**Records for this task**
----------

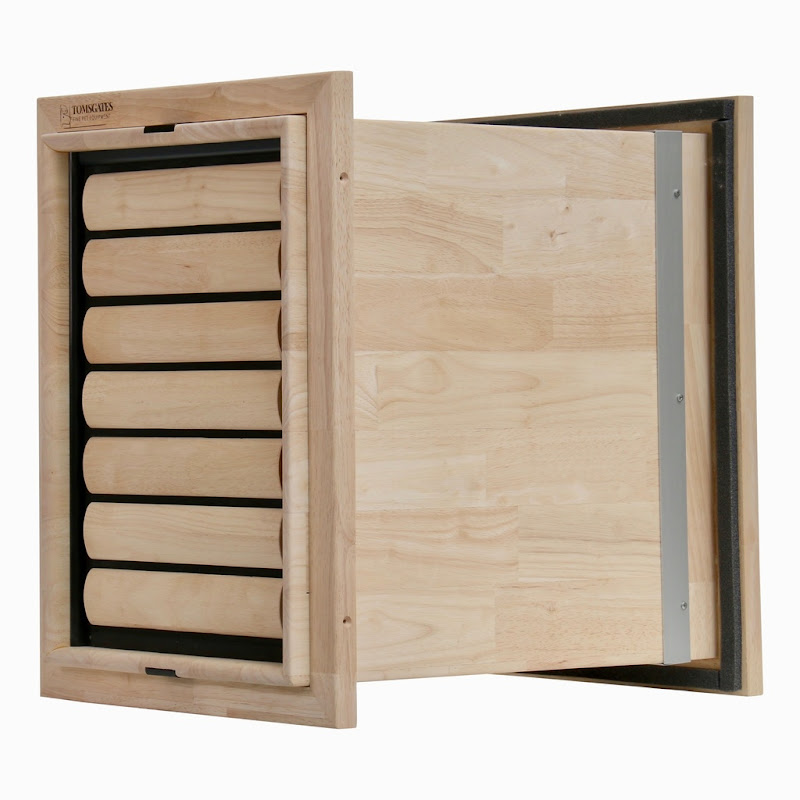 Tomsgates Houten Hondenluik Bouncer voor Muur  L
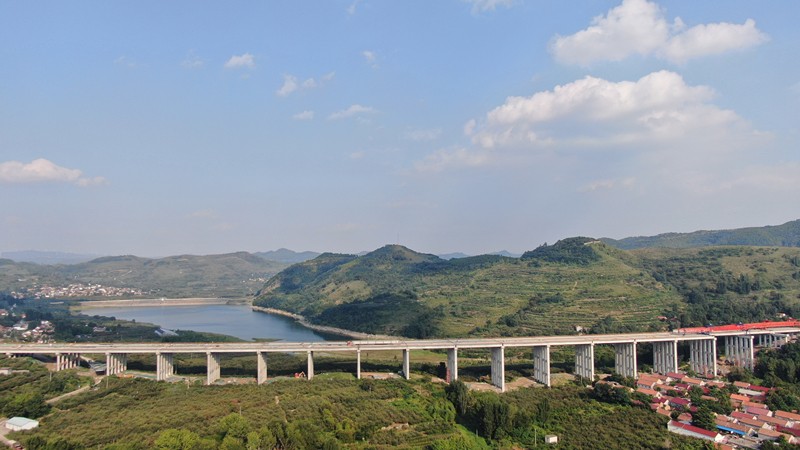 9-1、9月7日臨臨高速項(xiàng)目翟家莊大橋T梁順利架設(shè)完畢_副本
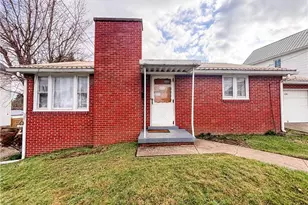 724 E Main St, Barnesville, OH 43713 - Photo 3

----------

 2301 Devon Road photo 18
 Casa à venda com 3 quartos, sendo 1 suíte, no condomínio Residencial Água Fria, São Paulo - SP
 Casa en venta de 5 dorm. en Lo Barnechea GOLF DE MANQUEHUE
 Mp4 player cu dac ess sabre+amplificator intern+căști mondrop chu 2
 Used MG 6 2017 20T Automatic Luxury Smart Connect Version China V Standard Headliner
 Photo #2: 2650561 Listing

----------

Everything above from the line containing "Casa à venda" through the line containing "Photo #2: 2650561 Listing" must be copied exactly. Nothing outside that range belongs in the answer.

 Casa à venda com 3 quartos, sendo 1 suíte, no condomínio Residencial Água Fria, São Paulo - SP
 Casa en venta de 5 dorm. en Lo Barnechea GOLF DE MANQUEHUE
 Mp4 player cu dac ess sabre+amplificator intern+căști mondrop chu 2
 Used MG 6 2017 20T Automatic Luxury Smart Connect Version China V Standard Headliner
 Photo #2: 2650561 Listing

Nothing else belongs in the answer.